**WHAT THIS TASK INVOLVES**
From the line containing "Butter dish, sauce" through the last line below, copy every line exactly, leaving out the pictures.

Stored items
^^^^^^^^^^^^^^^^
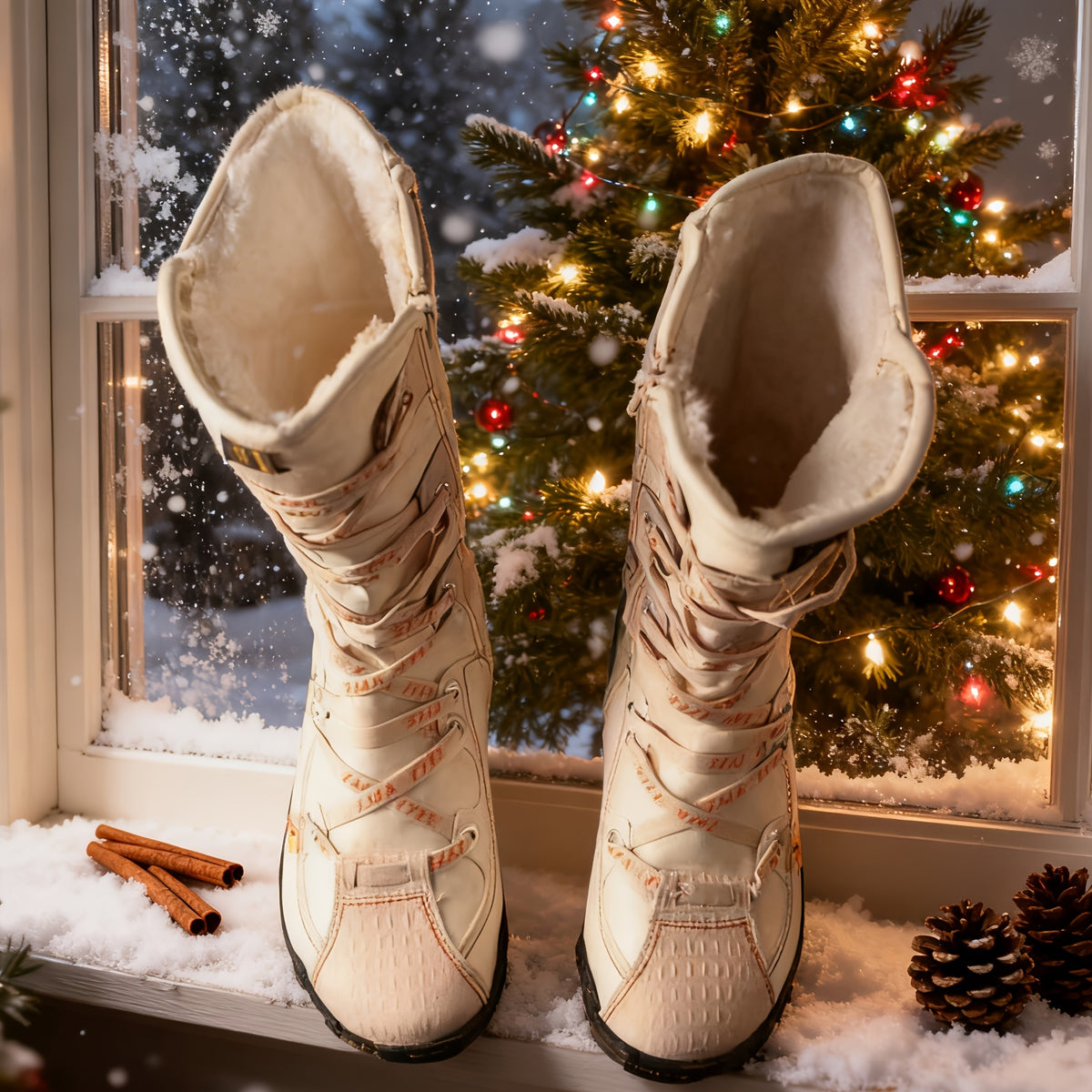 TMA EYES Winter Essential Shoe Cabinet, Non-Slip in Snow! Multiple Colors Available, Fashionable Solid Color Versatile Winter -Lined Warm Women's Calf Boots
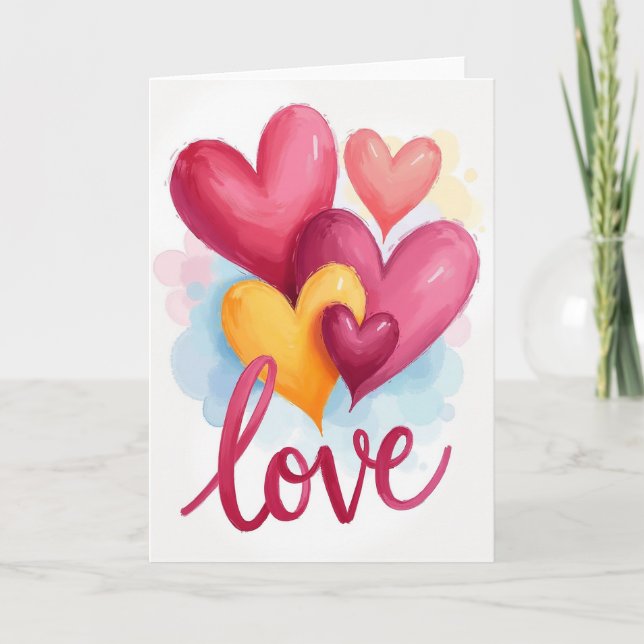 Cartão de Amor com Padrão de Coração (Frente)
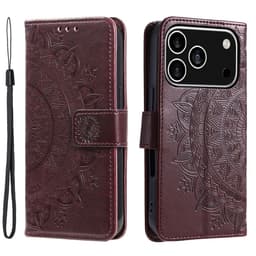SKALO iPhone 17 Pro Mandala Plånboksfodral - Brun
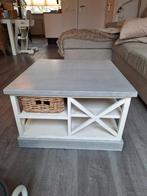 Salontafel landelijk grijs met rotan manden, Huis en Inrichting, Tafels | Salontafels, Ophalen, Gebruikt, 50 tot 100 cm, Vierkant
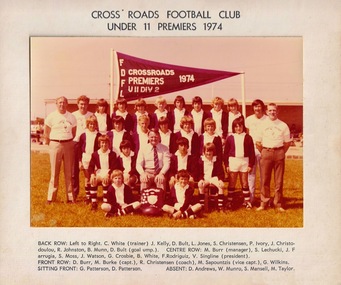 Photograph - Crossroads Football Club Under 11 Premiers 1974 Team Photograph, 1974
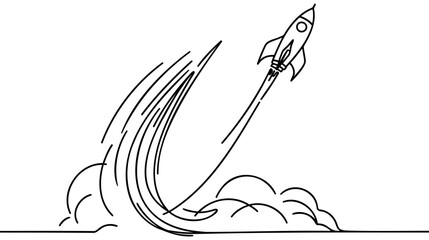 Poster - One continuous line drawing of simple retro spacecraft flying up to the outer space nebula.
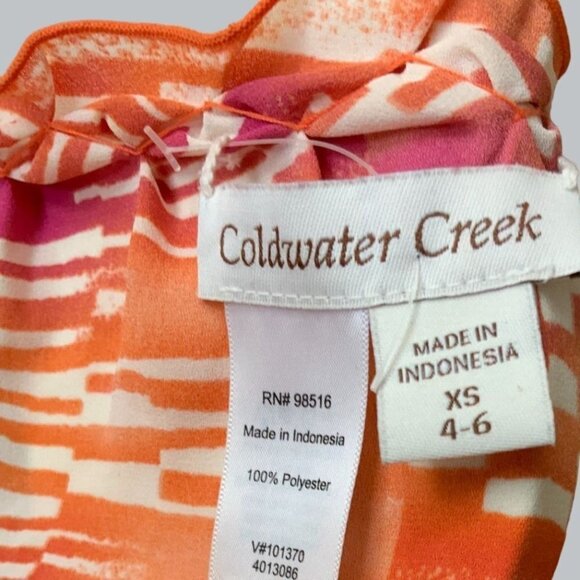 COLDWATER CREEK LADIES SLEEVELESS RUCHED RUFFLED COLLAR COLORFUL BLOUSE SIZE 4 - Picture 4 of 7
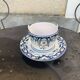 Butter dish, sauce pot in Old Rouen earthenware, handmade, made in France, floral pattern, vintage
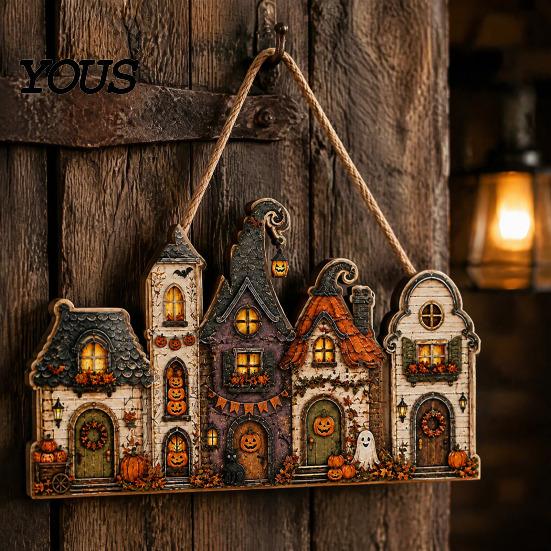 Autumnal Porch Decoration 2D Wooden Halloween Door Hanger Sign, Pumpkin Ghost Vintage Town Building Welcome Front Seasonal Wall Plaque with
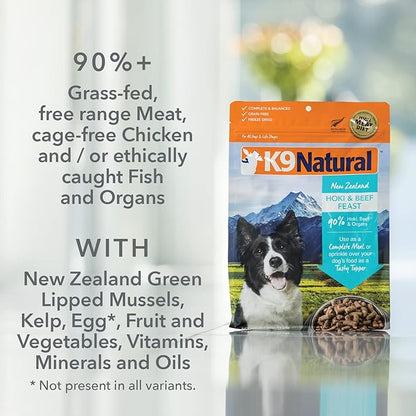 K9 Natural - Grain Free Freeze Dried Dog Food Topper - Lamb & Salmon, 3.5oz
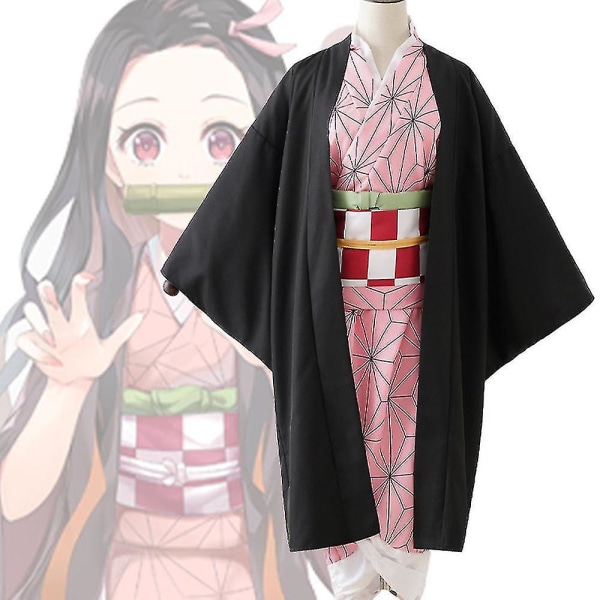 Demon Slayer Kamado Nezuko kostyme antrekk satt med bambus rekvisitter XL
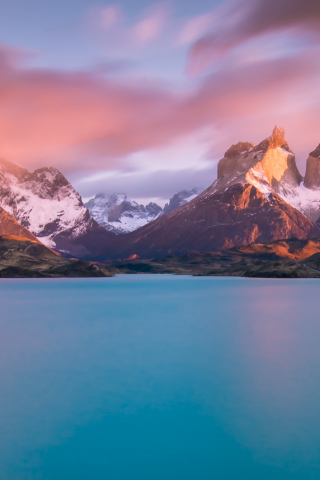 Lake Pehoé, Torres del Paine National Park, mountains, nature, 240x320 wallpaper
^^^^^^^^^^^^^^^^
**SOLUTION BELOW**
 Butter dish, sauce pot in Old Rouen earthenware, handmade, made in France, floral pattern, vintage
 Autumnal Porch Decoration 2D Wooden Halloween Door Hanger Sign, Pumpkin Ghost Vintage Town Building Welcome Front Seasonal Wall Plaque with
 K9 Natural - Grain Free Freeze Dried Dog Food Topper - Lamb & Salmon, 3.5oz
 Demon Slayer Kamado Nezuko kostyme antrekk satt med bambus rekvisitter XL
 Lake Pehoé, Torres del Paine National Park, mountains, nature, 240x320 wallpaper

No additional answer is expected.